[Saved entries]

[Start of section]

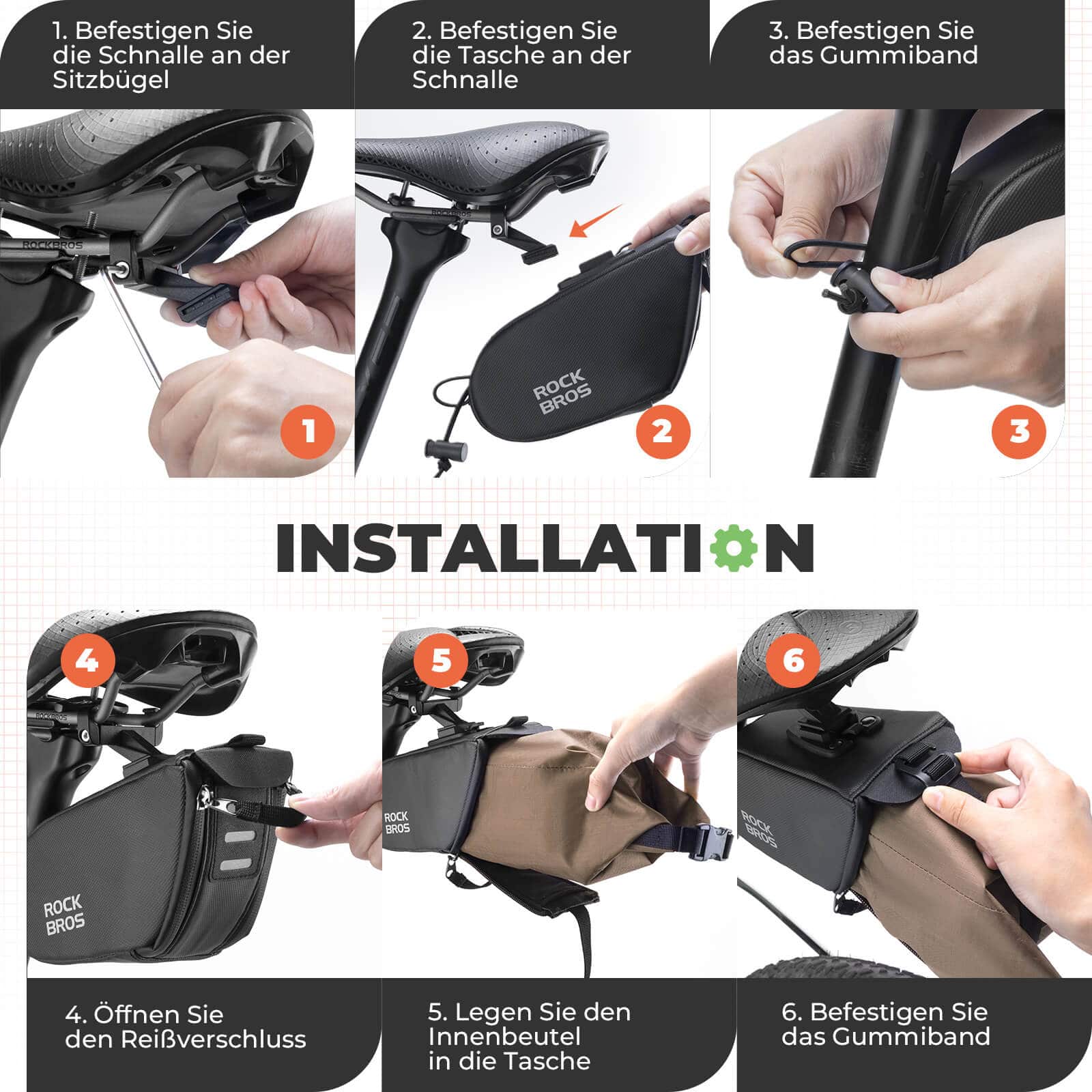 ROCKBROS Satteltasche Wasserdichte Fahrradtasche Erweiterbar mit Innentasche - Fahrradtaschen ROCKBROS - EU - NooMii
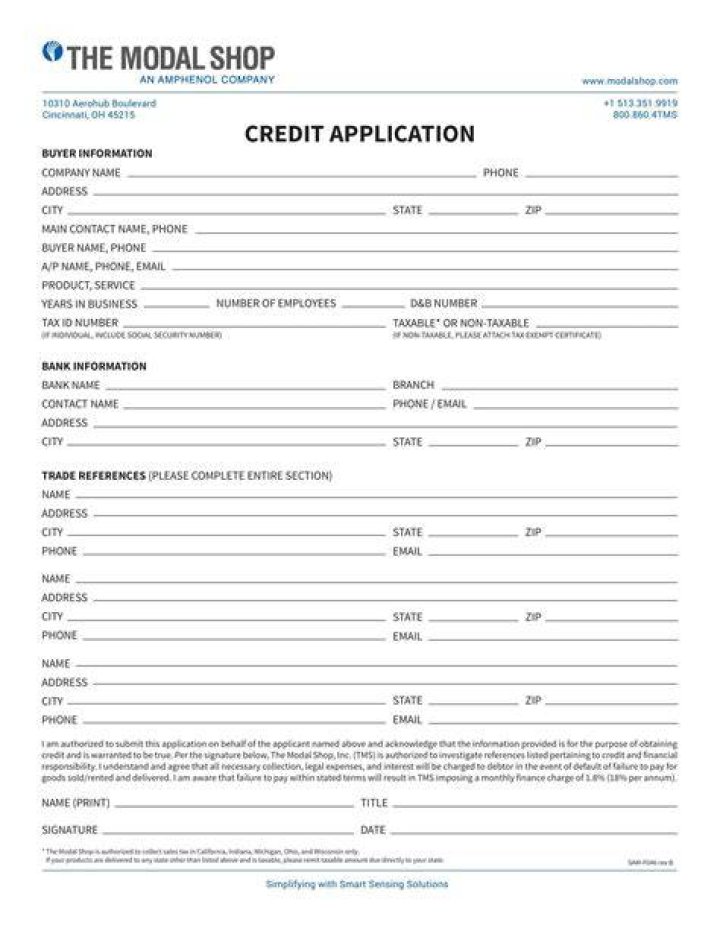 What information should be required on a credit application?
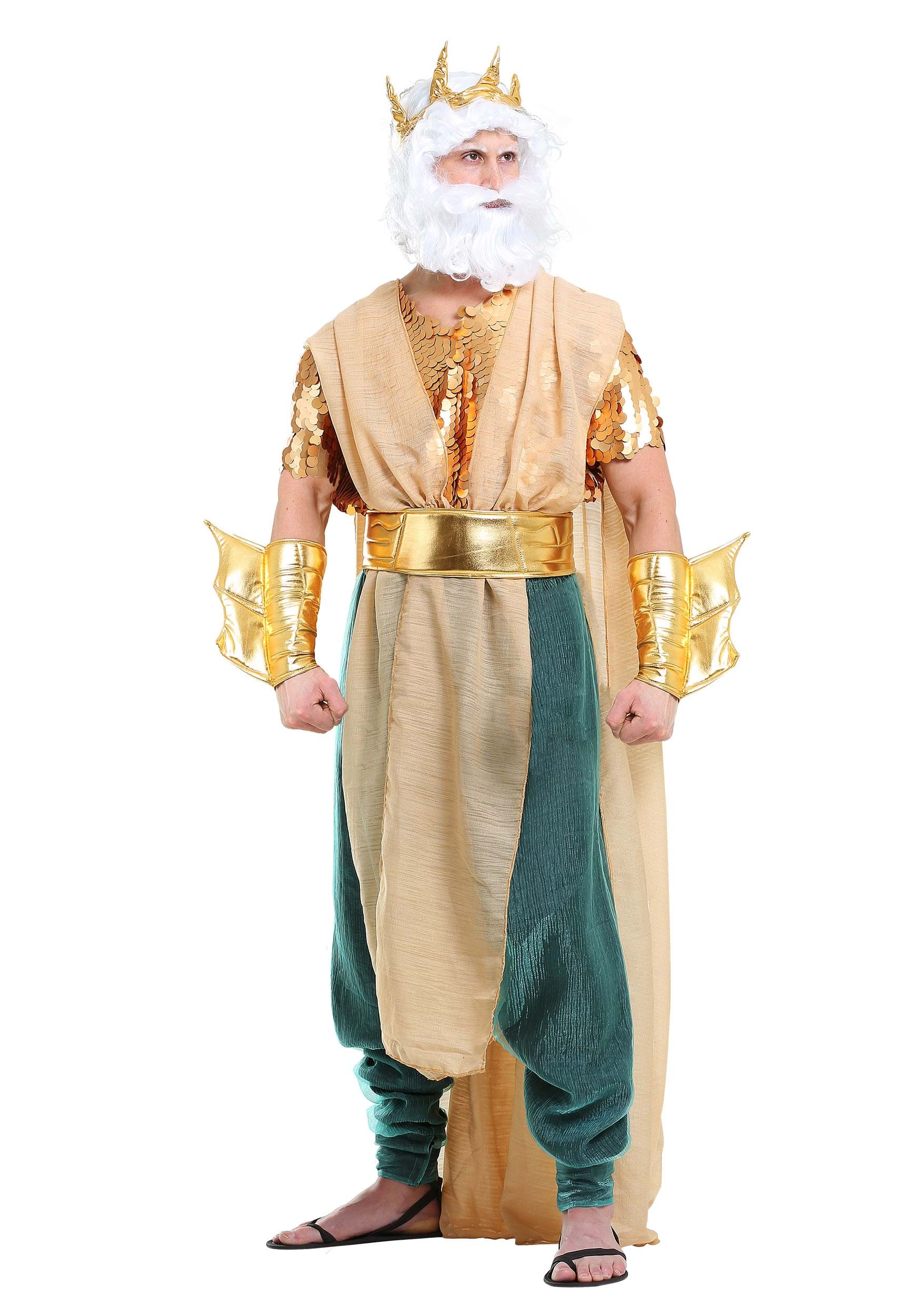 Photos - Fancy Dress Poseidon FUN Costumes  Costume for Men | Exclusive | Made By Us Brown/G 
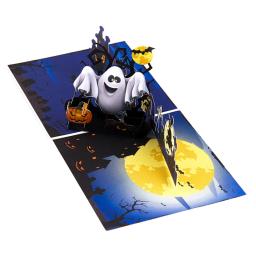 Cartões 3d destacáveis de halloween, bruxa, abóbora fantasma, cartão de visita, com envelope para festa de halloween, presente, cartão postal - Image 1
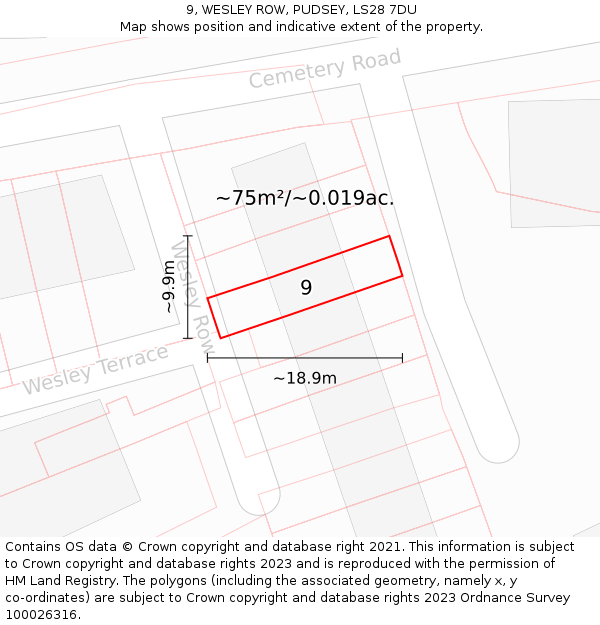 9, WESLEY ROW, PUDSEY, LS28 7DU: Plot and title map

[End of section]

● **WORK ITEM**
The lines from the one with "What information should" to the end of the data above should be retyped exactly, both ends included, and pictures are to be left out.

● **FINAL ANSWER**
 What information should be required on a credit application?
 Photos - Fancy Dress Poseidon FUN Costumes  Costume for Men | Exclusive | Made By Us Brown/G 
 Cartões 3d destacáveis de halloween, bruxa, abóbora fantasma, cartão de visita, com envelope para festa de halloween, presente, cartão postal - Image 1
 9, WESLEY ROW, PUDSEY, LS28 7DU: Plot and title map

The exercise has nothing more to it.